Cops and soldiers now have the ability to pinpoint incoming sniper fire. The military’s way-out research arm wants to take that a step further, by finding and “neutralizing” shooters before they ever pull their triggers.
For years, military engineers have been working to build a similar system — using flashes of laser light to “illuminate potential hiding places… and detect retro-reflections from the sniper’s scope.
An infrared camera/illuminator uses backscattered infrared (808 nm) illumination to light up an area of interest at distances up to 1 km. Optical augmentation (glint) from an individual’s rifle scope/binoculars or even a person’s retinas provides a means of detecting that individual.
Jet Propelled or Mechanically Assisted Bullet Dodging
If you were not relying upon muscle but something in the exoskeleton to propel the body or body part out of the way then faster short movements could be possible. A jet of gas could be used to move the head or body to initiate the dodge along with muscle activation.

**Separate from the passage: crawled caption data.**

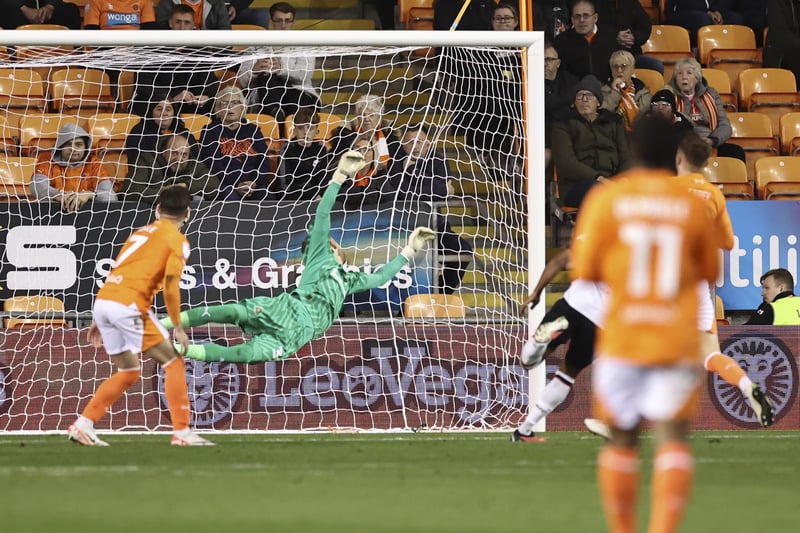 Dan Grimshaw made a big save in the second half to keep Blackpool in the contest, but wasn't involved too much otherwise, apart from picking the ball out the back of the net.
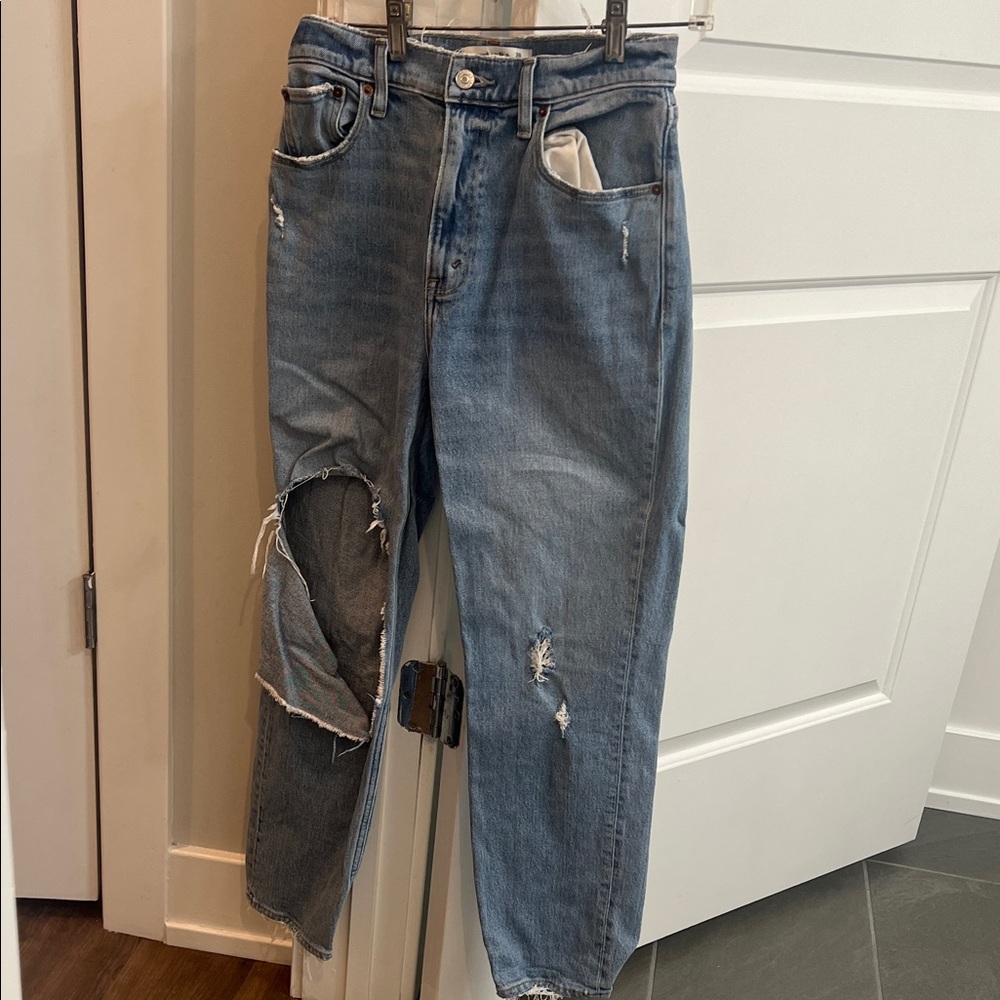 Abercrombie & Fitch 90s Straight Ultra high rise - Picture 2 of 2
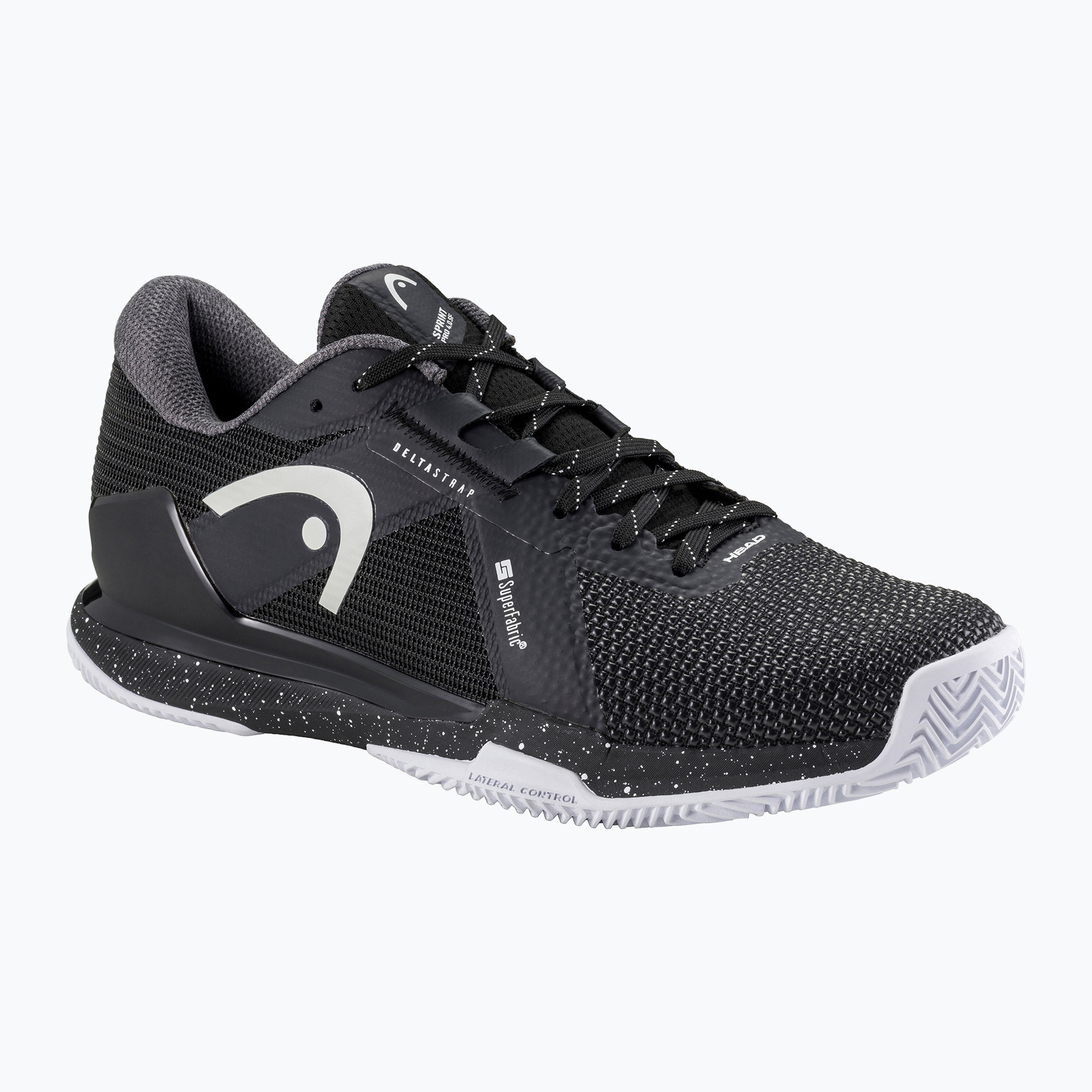 Încălțăminte de tenis pentru bărbați HEAD Sprint Pro 4.0 SF Clay black/ white (Sprint Pro 4.0 SF Clay 273115)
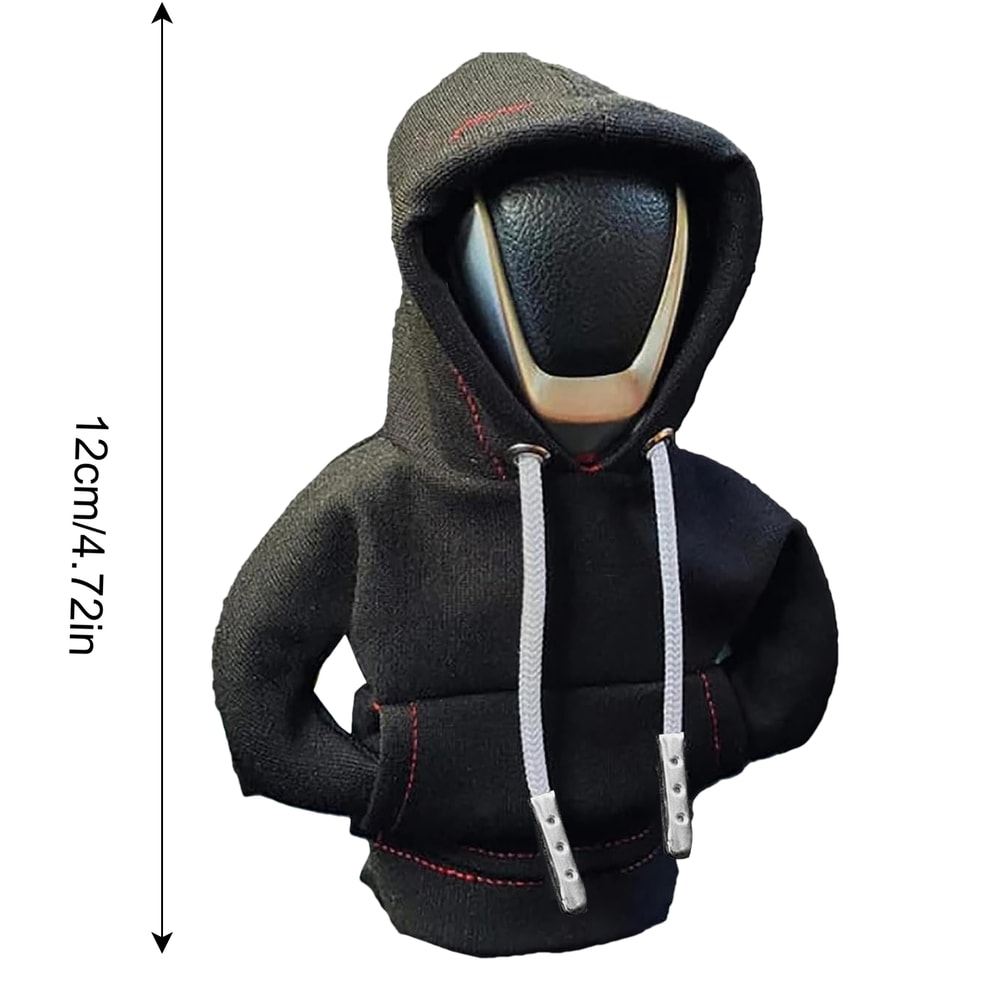 Gearshift Cover Hoodie Car Gear Shift Lever Cover Sweatshirt Gear Knob Sweater Car Interior Decorat 1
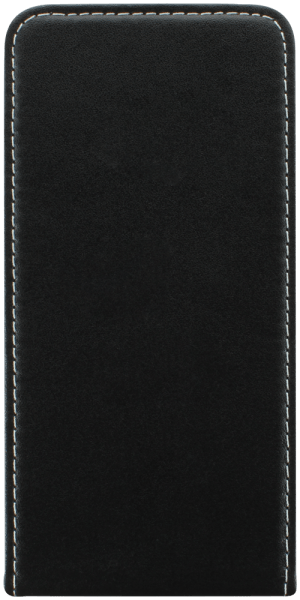 Apple iPhone 15 Pro lenyíló flipes bőrtok fekete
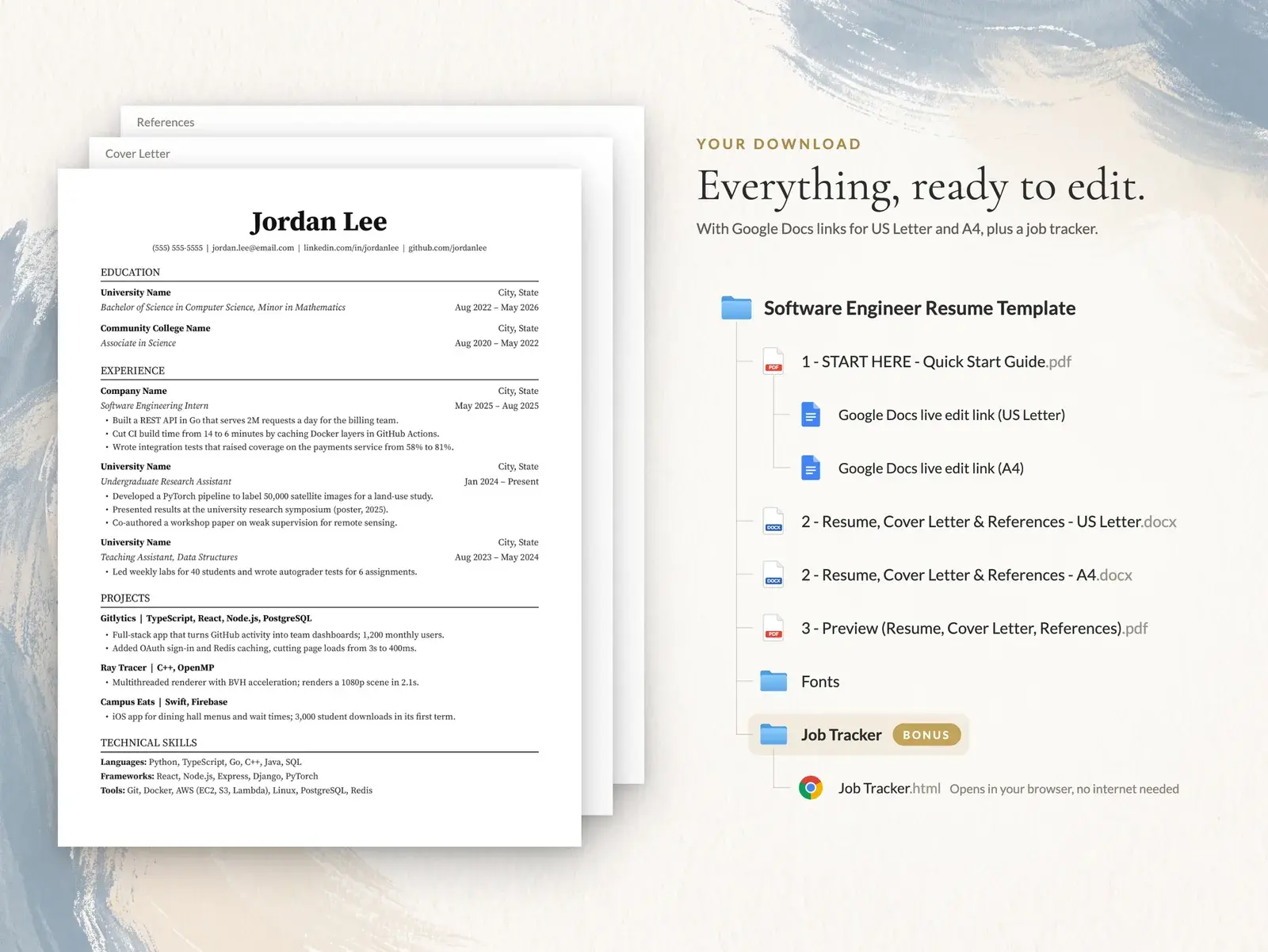 Jake's Resume Style Template for Google Docs, Word & Pages | The Ledger — image 6 of 7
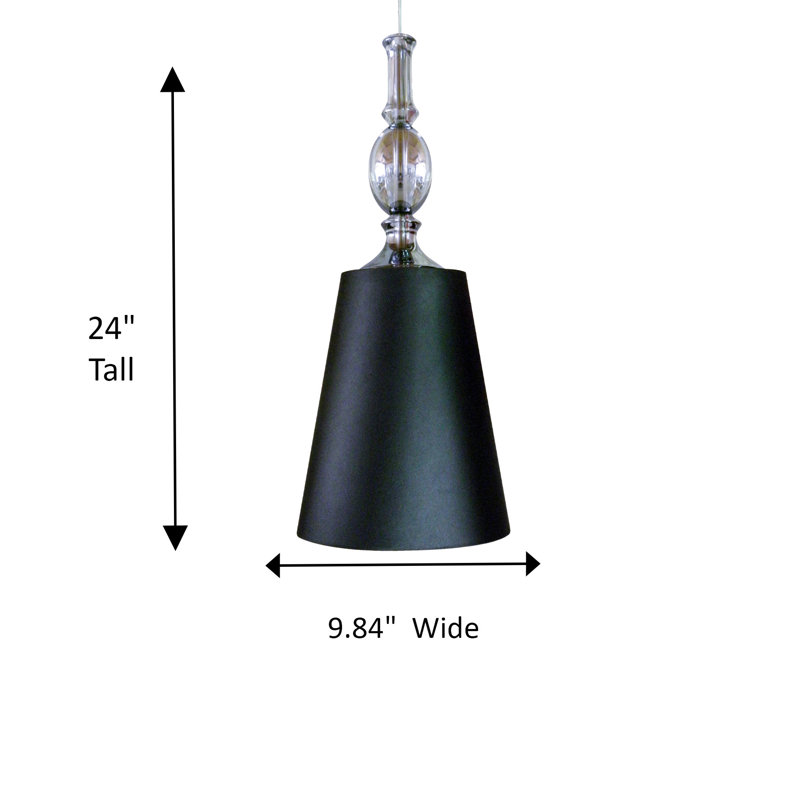 Luminaire suspendu 1 cloche pour une cloche Selena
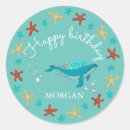 Recherche de anniversaire turquoise autocollants Monogramme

A method of protecting a target from a projectile propelled from a firearm comprises detecting an approaching projectile, continuously monitoring the projectile and transmitting an actual position of the projectile to a controller, computing an estimated projectile trajectory based upon the actual position of the projectile, determining an actual position of a target with a plurality of position sensors and a plurality of attitude sensors, determining whether the estimated projectile trajectory coincides with the actual position of the target, and triggering a plurality of muscle stimulators operably coupled to the controller and to the target when the estimated projectile trajectory coincides with the actual position of the target, wherein the muscle stimulators stimulate the target to move in a predefined manner, and wherein the target moves by an amount sufficient to avoid any contact with the approaching projectile. The projectile may be detected in the detecting step by emitting an electromagnetic wave from a projectile detector and receiving the electromagnetic wave after the electromagnetic wave has been reflected back toward the projectile detector by the projectile.
Sniper Rifle Ranges and Typical Shot Distances
Effective range for the standard-caliber sniper rifles against the single human-sized target may be estimated as 700-800 meters for first-shot kills. To extend effective range beyond 1000 meters, often used sniper rifles, designed to fire more powerful ammunition, such as .300 Winchester magnum (7.62x67mm) or .338 Lapua magnum (8.6x70mm). The range for sniper fire may vary from 100 meters or even less in police/counter-terror scenarios, or up to 1 kilometer or more – in military or special operations scenarios.
A Canadian sniper in Afghanistan made the longest recorded sniper kill in history with this weapon. On a March afternoon in 2002, Corporal Rob Furlong of the Princess Patricia’s Canadian Light Infantry (PPCLI) killed an enemy combatant from 2,430 meters (12.0772 furlongs/2,657 yd/1.509 miles) with American 750 grain Hornady A-MAX very-low-drag bullets.
Current Sniper Shot Detection Systems
Shotspotter is the audio-monitoring tool used by law-enforcement agencies to pinpoint gunfire. They use a triangulation system to coordinate with other nearby Shotspotter devices to determine precisely where gunshots are fired. They have a range of about 2 miles and are guaranteed accurate to within about 75 feet, though typically they are closer to the exact location. This is nowhere near the accuracy and speed needed for the bionic bullet dodging system. The current systems are for determining an area to cordon off so that the sniper can be hunted in city block or four city blocks or in a section of jungle. Meanwhile the target of the sniper is assuming room temperature.
Detection of the shot and the precise trajectory of the shot will have to get a lot better for bionic dodging to know the direction to dodge and the point to move away from.